Generally, if a large current flows through the terminal, the contact resistance increases, the terminal contacts tend to heat up and melt, and accordingly welding easily occurs. However, as described above, the terminal plating material 1 has excellent abrasion resistance and conductivity. Therefore, in the terminal connection structure according to the present embodiment, welding caused by an increase in contact resistance is less likely to occur even if a large current flows due to suppressing of the number and size of the terminals. Therefore, it is possible to suppress the number and size of the terminals. Further, the terminal plating material 1 has excellent abrasion resistance and conductivity. This leads to the elimination of a process for applying a lubricant such as Klüber, the reduction of plating material costs by reducing the plating coverage area, and the enhancement of the contact reliability.
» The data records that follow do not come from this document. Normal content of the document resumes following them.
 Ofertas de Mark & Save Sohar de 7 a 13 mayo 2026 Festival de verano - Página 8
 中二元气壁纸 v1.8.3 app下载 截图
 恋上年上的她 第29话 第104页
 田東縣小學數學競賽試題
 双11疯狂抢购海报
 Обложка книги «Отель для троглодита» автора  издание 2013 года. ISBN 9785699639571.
In this way, the terminal connection structure according to the present embodiment includes the female terminal 50 and the male terminal 60 to be fitted to the female terminal 50. At least one of the female terminal 50 or the male terminal 60 has the terminal plating material 1. Therefore, the terminal connection structure can enhance the abrasion resistance and conductivity.

Service Plug

A service plug of the present embodiment has a terminal connection structure. The service plug is used as a power supply circuit breaker for safely inspecting and maintaining parts where a large current and high voltage flow such as a controller, battery, and motor of a hybrid or electric vehicle. The terminal connection structure of the present embodiment has higher abrasion resistance of the terminal part, can minimize an increase in the contact resistance in a high-temperature environment, and enhances the contact reliability compared to the case where a terminal with conventional silver or silver alloy plating is used. Therefore, it is not necessary to increase the size of the terminal or the number of terminals to cope with a large current, and the plating material cost can be reduced by reducing the plating coverage area. In addition, it is possible to eliminate a process for applying a lubricant such as Klüber for suppressing the abrasion of the terminal contacts due to terminal insertion and removal and for maintaining high lever operability. Therefore, the service plug of the present embodiment can be suitably used in any location of a hybrid or electric vehicle.
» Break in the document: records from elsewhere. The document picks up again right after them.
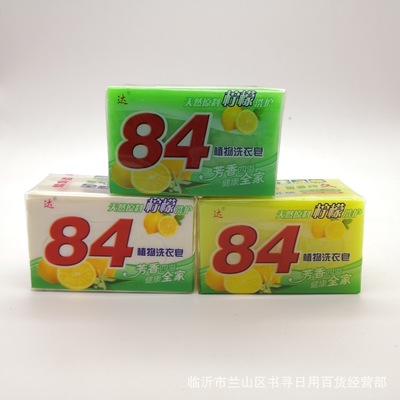 84肥皂洗衣皂 三色84皂勞保用品家用肥皂 部分地區包郵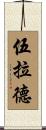 Woolard Scroll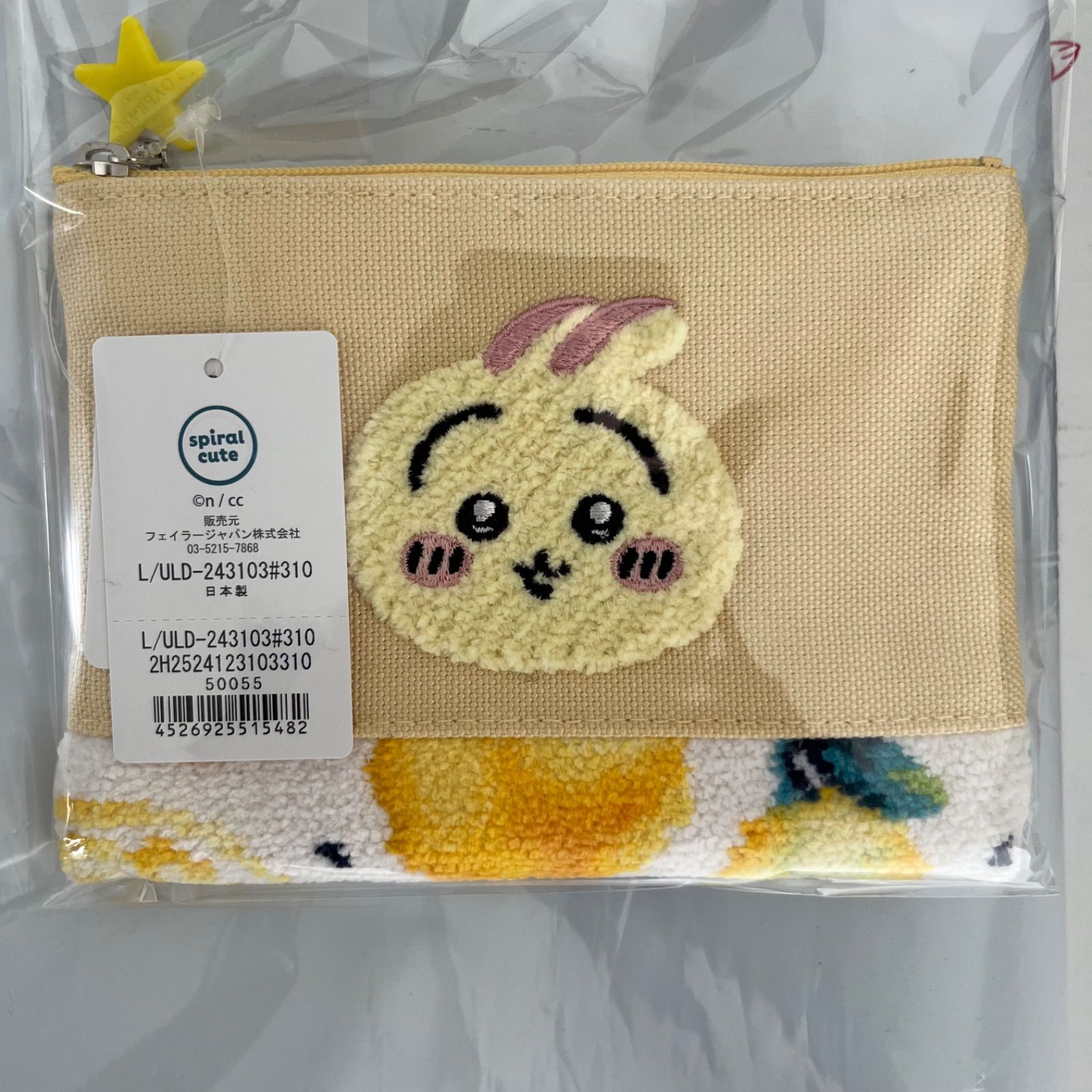 新品未使用】フェイラー ちいかわ うさぎ レモンドット ポーチ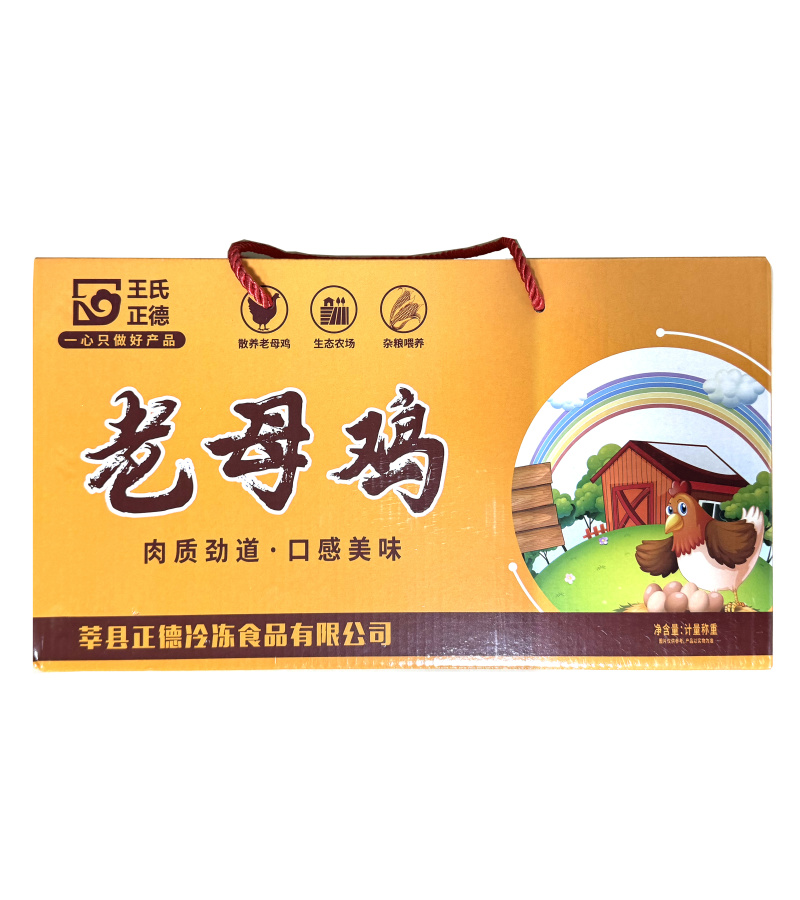礼品装老母鸡(2只装)煎油炸烧烤半成品商用食材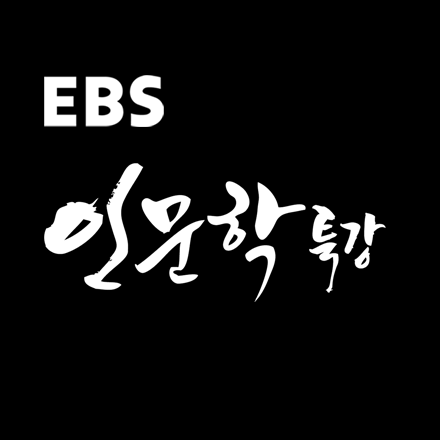 [EBS 인문학특강] 장대익 교수의 <과학으로 보는 인간>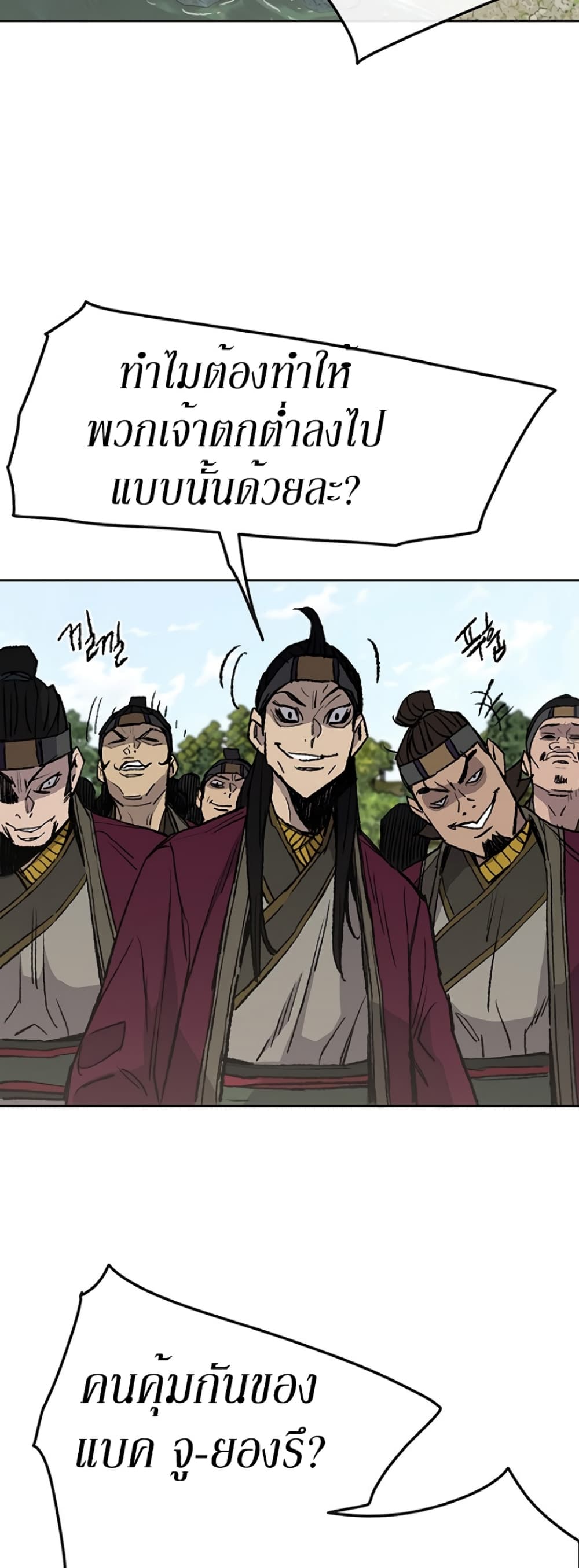 The Undefeatable Swordsman page 22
The terminal plating material, the terminal connection structure, and the service plug using the terminal connection structure according to the present embodiment have been described, but they are not limited to the above embodiment. The terminal plating material has excellent abrasion resistance and conductivity, and therefore the terminal plating material can be suitably used as a connector terminal that can be inserted and removed repeatedly in electronic equipment, in-vehicle and electrical components, transmissions, and wire harnesses for devices, relays, sensors, and the like, for example. In addition, as described above, the connector can be made smaller and lighter because the contact reliability is enhanced compared with the conventional connector terminal.

EXAMPLES

The present disclosure will be described in more detail below by using examples and comparative examples, but the present disclosure is not limited to these examples.

First, the metallic base, which is the material to be plated, was pretreated. Specifically, the metallic base was washed by alkaline degreasing, pickled by soaking the base in 10% sulfuric acid for 1 minute, and then the base was washed with water. The metallic base used was NB-109EH (manufactured by DOWA METALTECH CO., LTD.), which is a copper alloy.

Next, a nickel plating layer was formed on the metallic base. The nickel plating layer is an underlayer. Specifically, the metallic base pretreated as described above was immersed in a plating bath for the nickel plating layer, and constant current electrolysis was performed using a DC stabilized power supply. After the end of the electrolysis, the metallic base was removed from the silver plating bath and washed with water. As a result, the nickel plating layer is formed on the entire surface of the metallic base. The thickness of the nickel plating layer was 1.0 μm.

Further, the carbon composite silver plating layer was formed on the nickel plating layer. Specifically, graphite that was washed with water after removing the oxide layer of graphite in advance was prepared and, and the graphite was dispersed in a silver plating bath for the pure silver plating layer. Then, the metallic base on which the nickel plating layer was formed was immersed in the silver plating bath and constant current electrolysis was performed by using a DC stabilized power supply. After the end of the electrolysis, the metallic base was removed from the plating bath and washed with water. As a result, the nickel plating layer and the carbon composite silver plating layer were formed on the entire surface of the metallic base. The thickness of the carbon composite silver plating layer was set at 5 to 10 μm as a target value. This was used as the sample in Examples 1 to 6.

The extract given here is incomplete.